Chapter Twelve contains a discussion of Heidegger’s own account of the method of his late thinking. Heidegger unsurprisingly is critical of Husserl’s phenomenology at this time and champions historical reflection. For Westerlund, however, Heidegger’s criticisms of Husserl’s thinking fail to distinguish between the content of Husserl’s phenomenology and its method. While Husserl is influenced by scientific abstraction and seeks certain truth, this does not establish a necessary connection between intuition-based reflection and the metaphysical desire for ultimate grounds. Westerlund further indicates the historical character of Heidegger’s philosophy by showing how Heidegger pursues his investigation of the event of the opening of a world. Westerlund highlights that Heidegger examines texts from the history of metaphysics to show that the understanding of Being as presence that the texts utilise is not accounted for within them, and that he also examines poems by Hölderlin, George Trakl, and Stefan George, and the work of the pre-Socratics, to show that these texts hint at clearing. He also points out that Heidegger’s analysis of word etymologies is used for this end. In the final section of the chapter, to combat the assertion that there are phenomenological analyses in the later Heidegger, Westerlund shows that the late Heidegger’s phenomenological analyses of objects, such as a jug (in relation to the fourfold), do not take place within accounts of concrete use-cases. These accounts therefore “threaten to remain unphenomenological constructions of the same kind as all other conceptual and theoretical projections that dogmatically postulate meanings that they cannot account for” (192).
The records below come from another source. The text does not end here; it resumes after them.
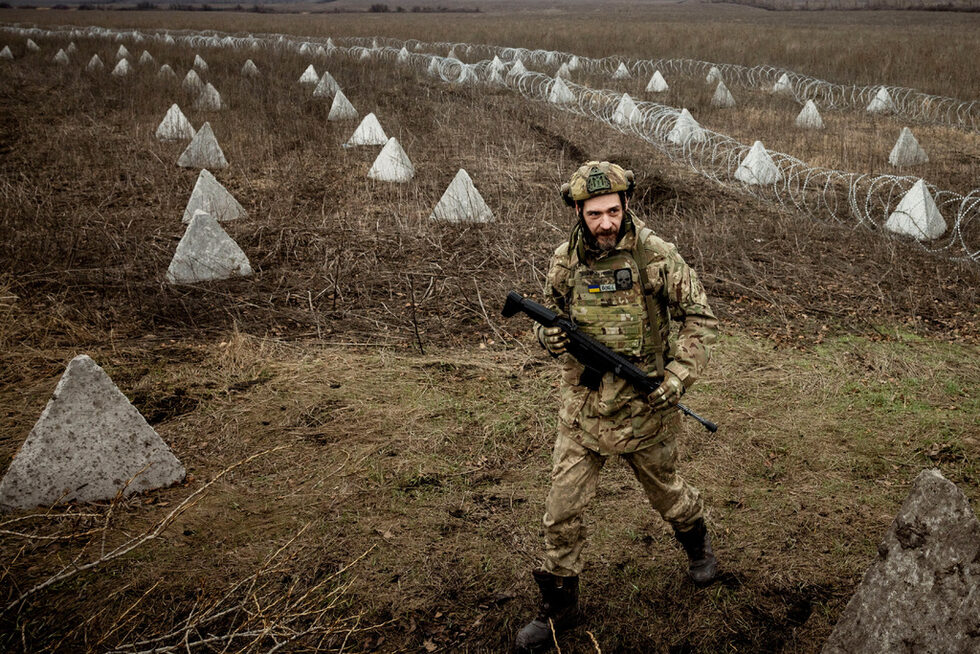 Украински военен инженер с позивна "Гущер" върви близо до укрепления, включително "драконови зъби" и бодлива тел, които той помогна да бъдат построени в поле близо до фронтовата линия край Купянск.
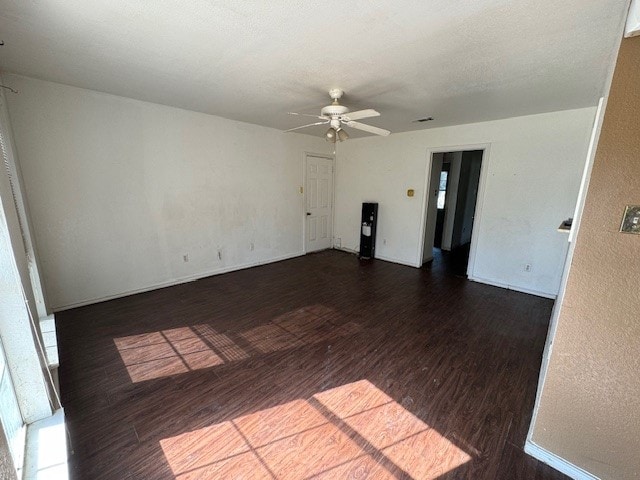 spare room featuring ceiling fan and dark wood-type flooring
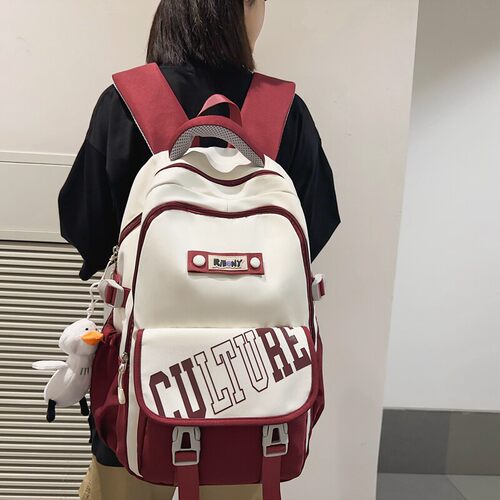 法国DUDK官方护脊减负书包大容量轻便初高中大学生旅行旅游双肩包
In the final part of the book, the Epilogue, Westerlund subjects Heidegger’s thinking to a more thorough  critique, one that is a development of criticisms of Heidegger made by Levinas, Tugendhat, and Cristina Lafont and that is an elaboration on criticisms of Heidegger’s thinking he has offered throughout his study. In Chapter 13, Westerlund engages with Levinas’ critique of Heidegger in which Heidegger is charged with covering over our direct ethical relation to the other with the question of Being. For Westerlund, Heidegger’s philosophy relies on the human desire for social affirmation motivating all action (works of art only persuade us to follow historical norms) which defines Dasein as essentially egoistic and rules out the possibility of responding to the other with love and care. Furthermore, Heidegger’s concern for the task of “reflecting on the openness of being in order to make possible the establishment of a binding world” has absolute primacy, and supersedes all ethical concern for individuals. This is not only a drawback in itself, but Westerlund also sees that the world Heidegger desires, one that is structured by a set of highest values and ideals that all must follow, can very easily become a world of control, repression, and persecution. That Heidegger does not consider such dangers further indicates the ethically problematic status of his philosophy.

In Chapter 14, Westerlund, drawing on Cristina Lafont’s criticism of Heidegger, is concerned with Heidegger’s claim that our historical understanding of Being cannot be true or false because it determines the meaningfulness of beings, which necessitates taking over our historical context as groundless. Westerlund argues against this notion. He holds that Heidegger provides no phenomenological evidence to show that our understanding of Being cannot be considered true or false. For Westerlund, we are claimed by the other regardless of our historical context and it is for its alignment with the claim of the other that the ethical status of an understanding of Being and its values can be judged. Westerlund ultimately holds that we possess an openness of conceptual understanding that allows us understand and appropriate aspects of our own cultural worlds, and recognise that there is an irreducible dimension of experience that grounds other cultural worlds.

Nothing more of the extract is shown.